### Instructions to follow
The records underneath are to be repeated exactly, with the pictures left out.
(Entries supplied Opens)
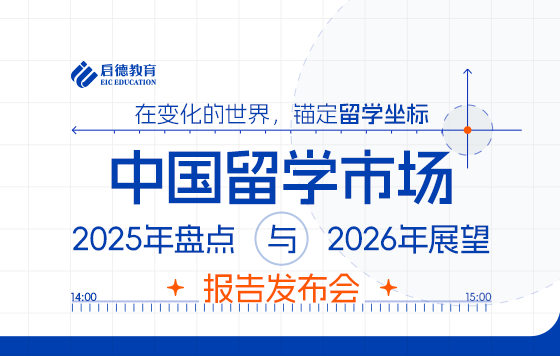中国留学市场盘点与展望报告发布会-贾鸿岩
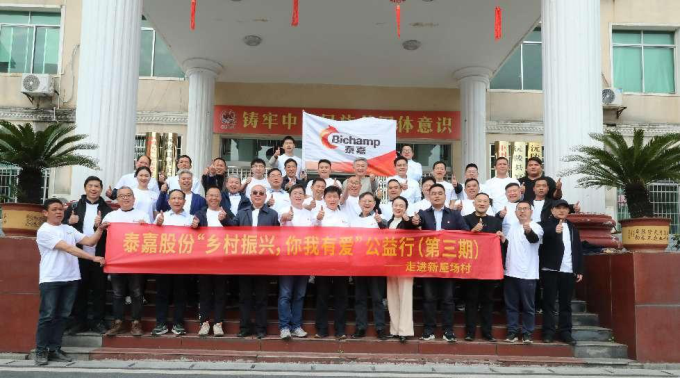 图片2_编辑.png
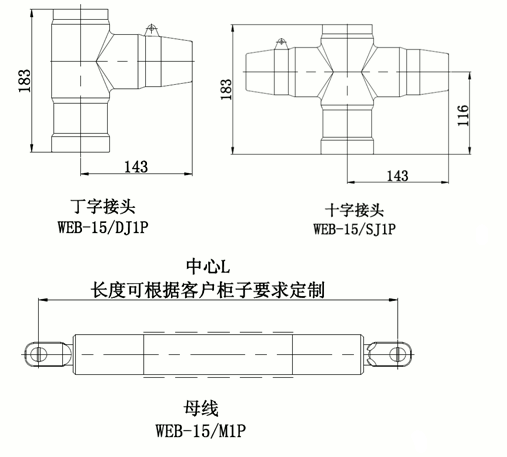 沃尔核材偏位顶扩母线连接器结构图2.gif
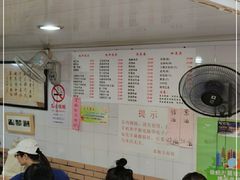 大堂-老地方面馆(思南路店)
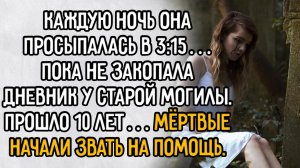 Истории из жизни. "Мертвые просят помощи". Аудио рассказы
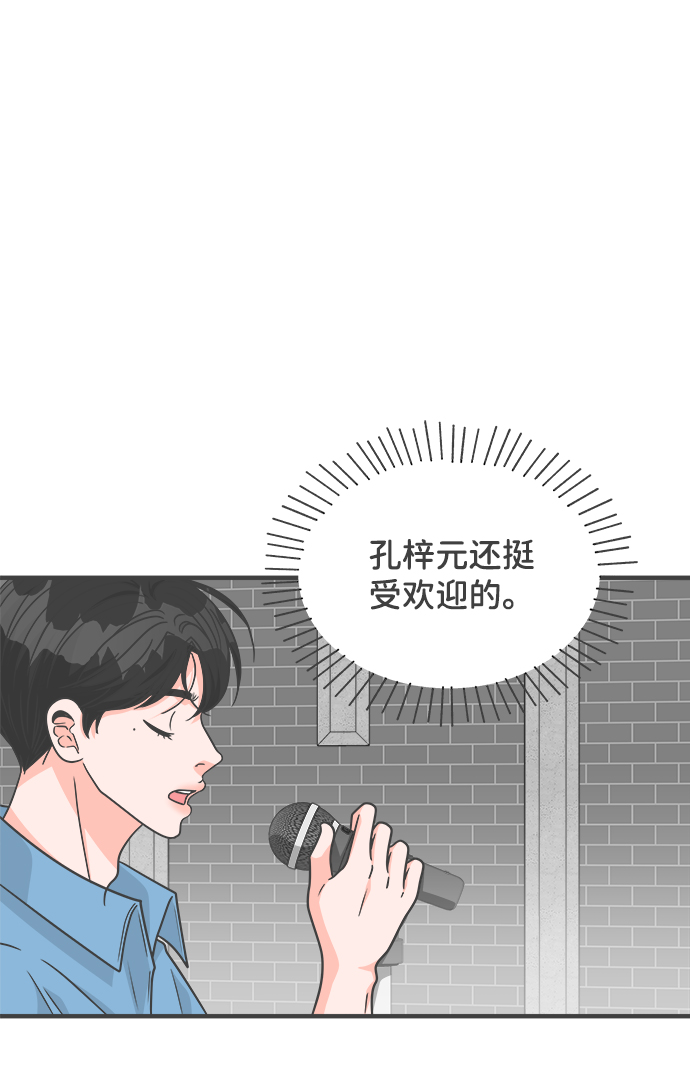 [第70话] 嫉妒的化身（3）24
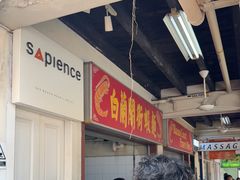 -白蘭閣街蝦麵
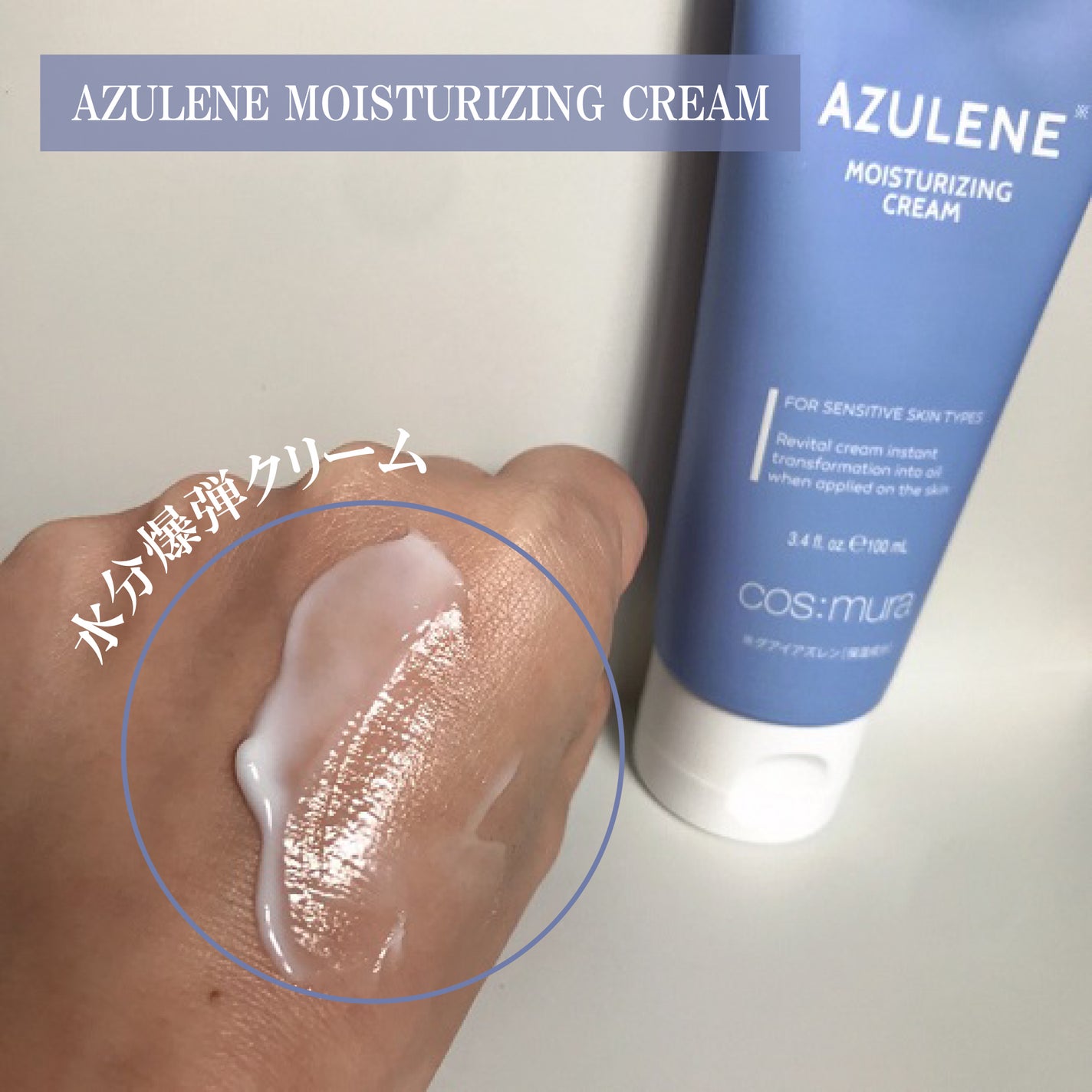 アズレンモイスチャライジングセラム/cos:mura/美容液を使ったクチコミ(3枚目)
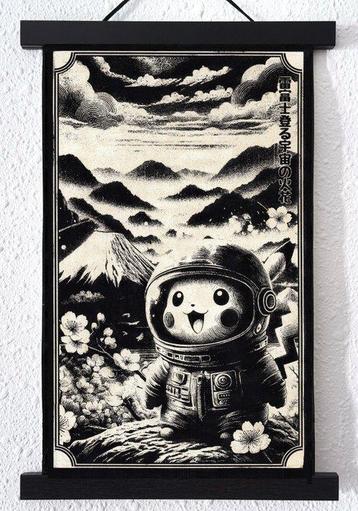 Æ (XX-XXI) - “A Space Pikachu in Japan”, (2025) Collectible!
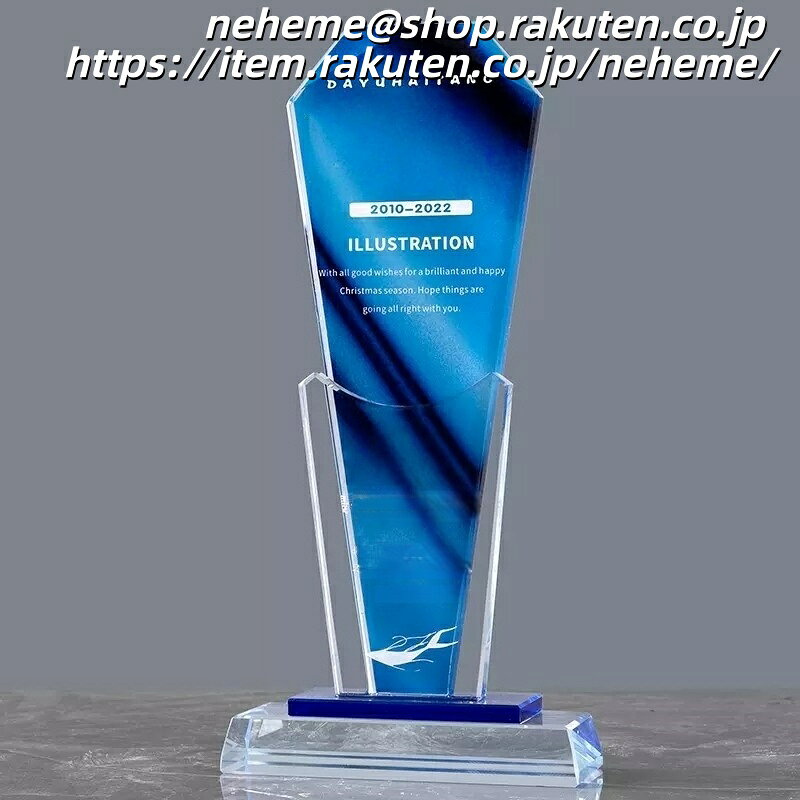 ���ꥹ����ȥ��ե��� ���ꥸ�ʥ�ǥ����� ����� ��� ���� ���饹�� �����줷 �ץ졼�� ���̾ ���޼� ��̾�� ɽ���� ���������� ɽ���� ͽ���� ���ޤ�ȥ��ե��� ɽ������ ���ɥХ��� ��ǰ����� ͥ���ȥ��ե��� �ϥ���� ��� ûǼ�������紿��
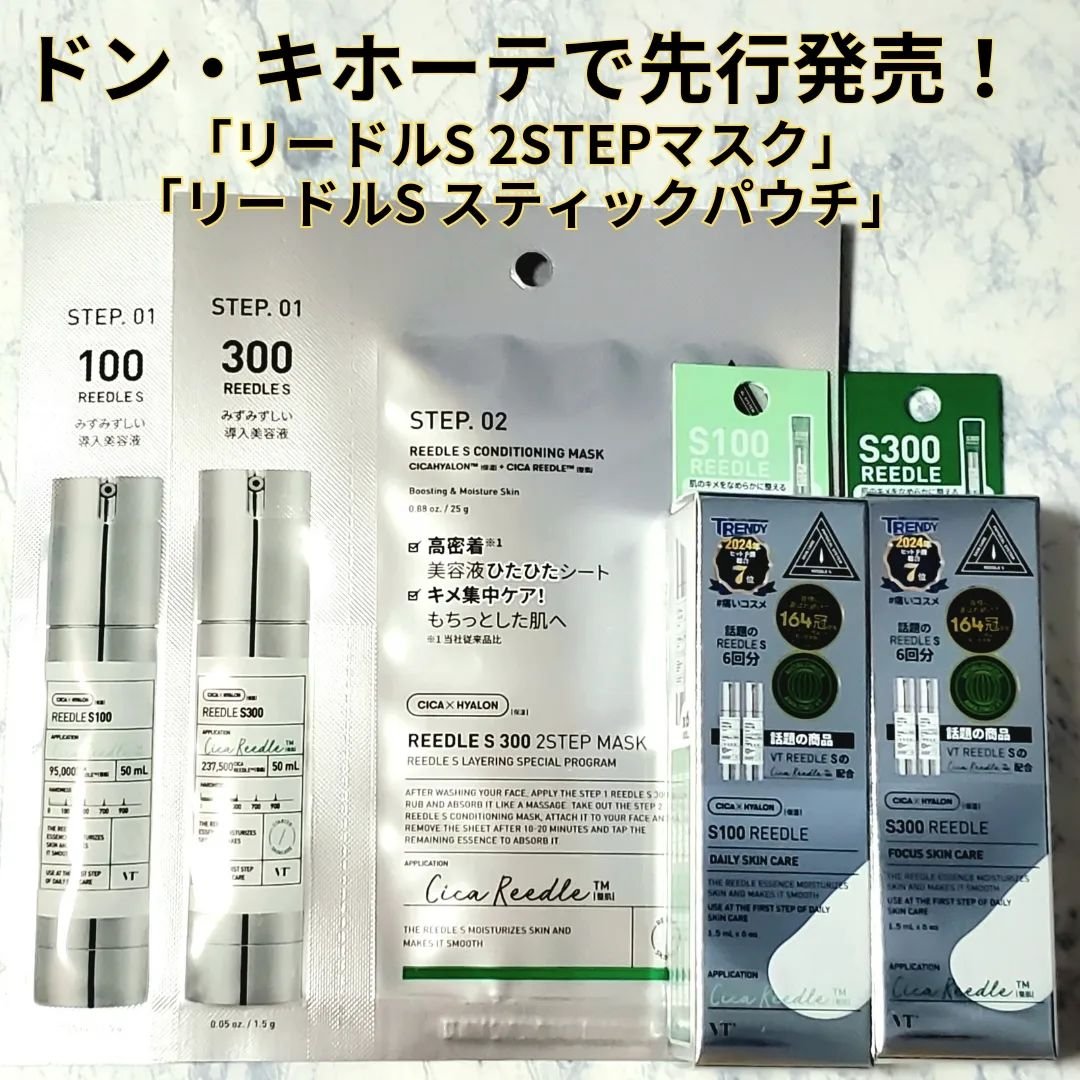 S100 リードル/VT/美容液を使ったクチコミ（2枚目）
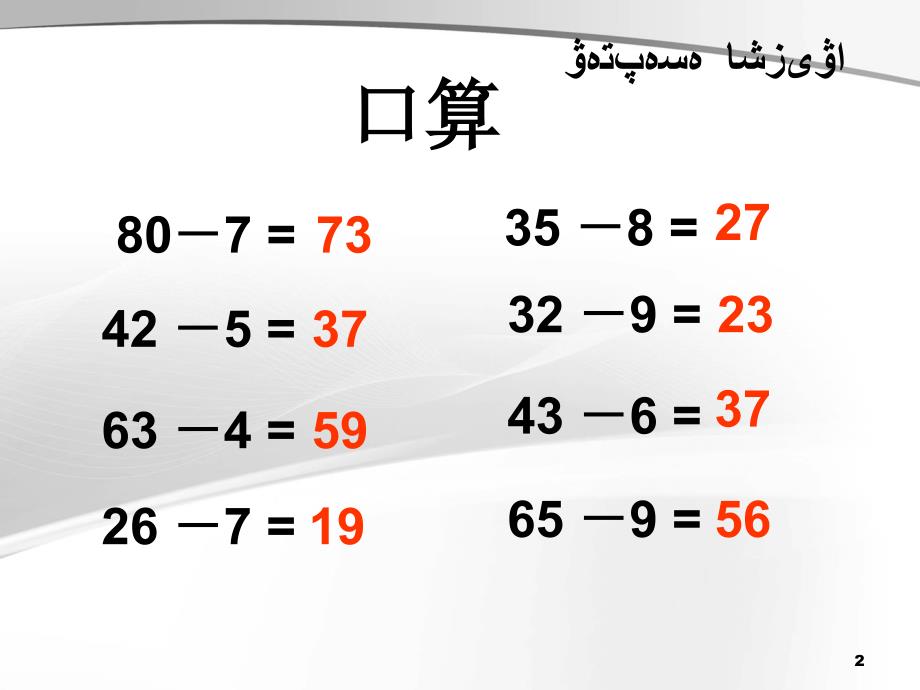 数学人教版三年级上减法课件哈语_第2页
(Entries supplied Closes)
### Exercise result
中国留学市场盘点与展望报告发布会-贾鸿岩
 图片2_编辑.png
 沃尔核材偏位顶扩母线连接器结构图2.gif
 大堂-老地方面馆(思南路店)
 Истории из жизни. "Мертвые просят помощи". Аудио рассказы
 [第70话] 嫉妒的化身（3）24
 -白蘭閣街蝦麵
 アズレンモイスチャライジングセラム/cos:mura/美容液を使ったクチコミ(3枚目)
 Æ (XX-XXI) - “A Space Pikachu in Japan”, (2025) Collectible!
 ���ꥹ����ȥ��ե��� ���ꥸ�ʥ�ǥ����� ����� ��� ���� ���饹�� �����줷 �ץ졼�� ���̾ ���޼� ��̾�� ɽ���� ���������� ɽ���� ͽ���� ���ޤ�ȥ��ե��� ɽ������ ���ɥХ��� ��ǰ����� ͥ���ȥ��ե��� �ϥ���� ��� ûǼ�������紿��
 S100 リードル/VT/美容液を使ったクチコミ（2枚目）
 数学人教版三年级上减法课件哈语_第2页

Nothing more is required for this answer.